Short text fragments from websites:
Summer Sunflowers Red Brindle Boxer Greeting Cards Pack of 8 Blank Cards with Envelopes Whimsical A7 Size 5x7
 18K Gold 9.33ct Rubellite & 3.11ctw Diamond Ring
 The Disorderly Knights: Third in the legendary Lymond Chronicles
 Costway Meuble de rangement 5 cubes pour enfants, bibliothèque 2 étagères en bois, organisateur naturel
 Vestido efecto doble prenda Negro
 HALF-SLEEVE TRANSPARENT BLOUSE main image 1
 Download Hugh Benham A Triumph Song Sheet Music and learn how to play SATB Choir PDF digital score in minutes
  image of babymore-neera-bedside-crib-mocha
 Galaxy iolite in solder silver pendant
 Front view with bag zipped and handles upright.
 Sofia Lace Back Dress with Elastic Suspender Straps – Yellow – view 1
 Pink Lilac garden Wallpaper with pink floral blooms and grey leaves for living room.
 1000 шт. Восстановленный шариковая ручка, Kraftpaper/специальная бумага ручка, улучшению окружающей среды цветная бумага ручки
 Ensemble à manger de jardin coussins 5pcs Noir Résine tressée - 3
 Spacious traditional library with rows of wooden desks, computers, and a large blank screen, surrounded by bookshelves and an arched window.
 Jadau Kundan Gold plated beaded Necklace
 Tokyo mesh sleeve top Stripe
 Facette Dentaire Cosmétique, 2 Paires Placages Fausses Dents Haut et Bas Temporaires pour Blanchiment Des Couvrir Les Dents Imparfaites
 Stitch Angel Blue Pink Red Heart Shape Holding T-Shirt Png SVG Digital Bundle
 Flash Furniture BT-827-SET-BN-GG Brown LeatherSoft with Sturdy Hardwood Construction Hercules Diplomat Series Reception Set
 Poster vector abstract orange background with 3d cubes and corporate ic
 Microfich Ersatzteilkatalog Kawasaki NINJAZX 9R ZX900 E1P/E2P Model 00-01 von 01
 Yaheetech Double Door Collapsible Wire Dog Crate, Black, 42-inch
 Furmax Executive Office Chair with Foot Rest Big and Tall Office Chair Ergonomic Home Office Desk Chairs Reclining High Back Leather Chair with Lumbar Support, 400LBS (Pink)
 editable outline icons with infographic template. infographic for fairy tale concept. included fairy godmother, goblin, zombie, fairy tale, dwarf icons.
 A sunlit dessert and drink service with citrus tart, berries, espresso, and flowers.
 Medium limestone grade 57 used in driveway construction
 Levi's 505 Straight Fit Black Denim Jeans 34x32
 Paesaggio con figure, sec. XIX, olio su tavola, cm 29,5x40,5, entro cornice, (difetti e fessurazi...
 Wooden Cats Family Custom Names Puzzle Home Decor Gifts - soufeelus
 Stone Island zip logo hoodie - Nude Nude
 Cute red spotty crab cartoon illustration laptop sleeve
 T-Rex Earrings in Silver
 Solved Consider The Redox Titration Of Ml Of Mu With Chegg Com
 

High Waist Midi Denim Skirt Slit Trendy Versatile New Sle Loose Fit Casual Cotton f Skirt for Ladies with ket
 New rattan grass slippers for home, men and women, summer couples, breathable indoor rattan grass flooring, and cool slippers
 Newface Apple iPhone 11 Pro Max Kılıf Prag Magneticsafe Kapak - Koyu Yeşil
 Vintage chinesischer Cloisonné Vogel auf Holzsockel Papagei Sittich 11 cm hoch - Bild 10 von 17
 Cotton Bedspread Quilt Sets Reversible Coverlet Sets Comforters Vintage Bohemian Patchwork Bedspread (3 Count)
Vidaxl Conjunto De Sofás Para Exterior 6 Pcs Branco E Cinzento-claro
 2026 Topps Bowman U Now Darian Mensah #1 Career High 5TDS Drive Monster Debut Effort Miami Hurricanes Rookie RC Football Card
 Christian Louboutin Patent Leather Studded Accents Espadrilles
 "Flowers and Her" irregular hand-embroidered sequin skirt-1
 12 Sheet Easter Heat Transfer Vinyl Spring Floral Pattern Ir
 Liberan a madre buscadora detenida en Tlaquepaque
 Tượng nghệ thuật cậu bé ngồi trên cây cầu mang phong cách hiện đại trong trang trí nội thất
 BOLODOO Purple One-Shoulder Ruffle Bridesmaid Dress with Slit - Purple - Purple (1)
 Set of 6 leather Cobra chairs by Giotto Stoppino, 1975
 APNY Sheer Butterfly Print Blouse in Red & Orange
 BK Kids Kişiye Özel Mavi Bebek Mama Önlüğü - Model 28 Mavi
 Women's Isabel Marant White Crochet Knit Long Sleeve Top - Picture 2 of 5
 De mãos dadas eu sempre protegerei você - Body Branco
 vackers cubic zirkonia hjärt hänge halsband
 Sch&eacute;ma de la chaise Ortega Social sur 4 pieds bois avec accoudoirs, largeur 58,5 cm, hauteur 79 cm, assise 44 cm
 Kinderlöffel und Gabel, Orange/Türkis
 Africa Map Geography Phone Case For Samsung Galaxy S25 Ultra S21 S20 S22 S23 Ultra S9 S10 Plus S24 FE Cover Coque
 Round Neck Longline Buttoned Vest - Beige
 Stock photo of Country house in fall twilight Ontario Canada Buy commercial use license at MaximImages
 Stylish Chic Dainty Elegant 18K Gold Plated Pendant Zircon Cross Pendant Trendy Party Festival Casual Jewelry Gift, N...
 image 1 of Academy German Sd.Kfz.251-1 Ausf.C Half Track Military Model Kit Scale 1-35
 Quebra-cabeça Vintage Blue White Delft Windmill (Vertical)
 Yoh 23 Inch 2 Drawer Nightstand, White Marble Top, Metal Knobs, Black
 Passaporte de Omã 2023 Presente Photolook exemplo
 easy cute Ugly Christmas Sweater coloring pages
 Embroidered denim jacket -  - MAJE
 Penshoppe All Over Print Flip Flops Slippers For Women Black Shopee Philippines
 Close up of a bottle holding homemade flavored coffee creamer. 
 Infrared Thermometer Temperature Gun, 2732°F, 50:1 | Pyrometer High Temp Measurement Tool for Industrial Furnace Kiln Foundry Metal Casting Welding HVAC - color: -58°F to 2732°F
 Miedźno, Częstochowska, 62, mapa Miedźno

§ PROBLEM DETAILS: Reproduce all records exactly, without omissions.

§ SOLVED PROBLEM:
Summer Sunflowers Red Brindle Boxer Greeting Cards Pack of 8 Blank Cards with Envelopes Whimsical A7 Size 5x7
 18K Gold 9.33ct Rubellite & 3.11ctw Diamond Ring
 The Disorderly Knights: Third in the legendary Lymond Chronicles
 Costway Meuble de rangement 5 cubes pour enfants, bibliothèque 2 étagères en bois, organisateur naturel
 Vestido efecto doble prenda Negro
 HALF-SLEEVE TRANSPARENT BLOUSE main image 1
 Download Hugh Benham A Triumph Song Sheet Music and learn how to play SATB Choir PDF digital score in minutes
  image of babymore-neera-bedside-crib-mocha
 Galaxy iolite in solder silver pendant
 Front view with bag zipped and handles upright.
 Sofia Lace Back Dress with Elastic Suspender Straps – Yellow – view 1
 Pink Lilac garden Wallpaper with pink floral blooms and grey leaves for living room.
 1000 шт. Восстановленный шариковая ручка, Kraftpaper/специальная бумага ручка, улучшению окружающей среды цветная бумага ручки
 Ensemble à manger de jardin coussins 5pcs Noir Résine tressée - 3
 Spacious traditional library with rows of wooden desks, computers, and a large blank screen, surrounded by bookshelves and an arched window.
 Jadau Kundan Gold plated beaded Necklace
 Tokyo mesh sleeve top Stripe
 Facette Dentaire Cosmétique, 2 Paires Placages Fausses Dents Haut et Bas Temporaires pour Blanchiment Des Couvrir Les Dents Imparfaites
 Stitch Angel Blue Pink Red Heart Shape Holding T-Shirt Png SVG Digital Bundle
 Flash Furniture BT-827-SET-BN-GG Brown LeatherSoft with Sturdy Hardwood Construction Hercules Diplomat Series Reception Set
 Poster vector abstract orange background with 3d cubes and corporate ic
 Microfich Ersatzteilkatalog Kawasaki NINJAZX 9R ZX900 E1P/E2P Model 00-01 von 01
 Yaheetech Double Door Collapsible Wire Dog Crate, Black, 42-inch
 Furmax Executive Office Chair with Foot Rest Big and Tall Office Chair Ergonomic Home Office Desk Chairs Reclining High Back Leather Chair with Lumbar Support, 400LBS (Pink)
 editable outline icons with infographic template. infographic for fairy tale concept. included fairy godmother, goblin, zombie, fairy tale, dwarf icons.
 A sunlit dessert and drink service with citrus tart, berries, espresso, and flowers.
 Medium limestone grade 57 used in driveway construction
 Levi's 505 Straight Fit Black Denim Jeans 34x32
 Paesaggio con figure, sec. XIX, olio su tavola, cm 29,5x40,5, entro cornice, (difetti e fessurazi...
 Wooden Cats Family Custom Names Puzzle Home Decor Gifts - soufeelus
 Stone Island zip logo hoodie - Nude Nude
 Cute red spotty crab cartoon illustration laptop sleeve
 T-Rex Earrings in Silver
 Solved Consider The Redox Titration Of Ml Of Mu With Chegg Com
 

High Waist Midi Denim Skirt Slit Trendy Versatile New Sle Loose Fit Casual Cotton f Skirt for Ladies with ket
 New rattan grass slippers for home, men and women, summer couples, breathable indoor rattan grass flooring, and cool slippers
 Newface Apple iPhone 11 Pro Max Kılıf Prag Magneticsafe Kapak - Koyu Yeşil
 Vintage chinesischer Cloisonné Vogel auf Holzsockel Papagei Sittich 11 cm hoch - Bild 10 von 17
 Cotton Bedspread Quilt Sets Reversible Coverlet Sets Comforters Vintage Bohemian Patchwork Bedspread (3 Count)
Vidaxl Conjunto De Sofás Para Exterior 6 Pcs Branco E Cinzento-claro
 2026 Topps Bowman U Now Darian Mensah #1 Career High 5TDS Drive Monster Debut Effort Miami Hurricanes Rookie RC Football Card
 Christian Louboutin Patent Leather Studded Accents Espadrilles
 "Flowers and Her" irregular hand-embroidered sequin skirt-1
 12 Sheet Easter Heat Transfer Vinyl Spring Floral Pattern Ir
 Liberan a madre buscadora detenida en Tlaquepaque
 Tượng nghệ thuật cậu bé ngồi trên cây cầu mang phong cách hiện đại trong trang trí nội thất
 BOLODOO Purple One-Shoulder Ruffle Bridesmaid Dress with Slit - Purple - Purple (1)
 Set of 6 leather Cobra chairs by Giotto Stoppino, 1975
 APNY Sheer Butterfly Print Blouse in Red & Orange
 BK Kids Kişiye Özel Mavi Bebek Mama Önlüğü - Model 28 Mavi
 Women's Isabel Marant White Crochet Knit Long Sleeve Top - Picture 2 of 5
 De mãos dadas eu sempre protegerei você - Body Branco
 vackers cubic zirkonia hjärt hänge halsband
 Sch&eacute;ma de la chaise Ortega Social sur 4 pieds bois avec accoudoirs, largeur 58,5 cm, hauteur 79 cm, assise 44 cm
 Kinderlöffel und Gabel, Orange/Türkis
 Africa Map Geography Phone Case For Samsung Galaxy S25 Ultra S21 S20 S22 S23 Ultra S9 S10 Plus S24 FE Cover Coque
 Round Neck Longline Buttoned Vest - Beige
 Stock photo of Country house in fall twilight Ontario Canada Buy commercial use license at MaximImages
 Stylish Chic Dainty Elegant 18K Gold Plated Pendant Zircon Cross Pendant Trendy Party Festival Casual Jewelry Gift, N...
 image 1 of Academy German Sd.Kfz.251-1 Ausf.C Half Track Military Model Kit Scale 1-35
 Quebra-cabeça Vintage Blue White Delft Windmill (Vertical)
 Yoh 23 Inch 2 Drawer Nightstand, White Marble Top, Metal Knobs, Black
 Passaporte de Omã 2023 Presente Photolook exemplo
 easy cute Ugly Christmas Sweater coloring pages
 Embroidered denim jacket -  - MAJE
 Penshoppe All Over Print Flip Flops Slippers For Women Black Shopee Philippines
 Close up of a bottle holding homemade flavored coffee creamer. 
 Infrared Thermometer Temperature Gun, 2732°F, 50:1 | Pyrometer High Temp Measurement Tool for Industrial Furnace Kiln Foundry Metal Casting Welding HVAC - color: -58°F to 2732°F
 Miedźno, Częstochowska, 62, mapa Miedźno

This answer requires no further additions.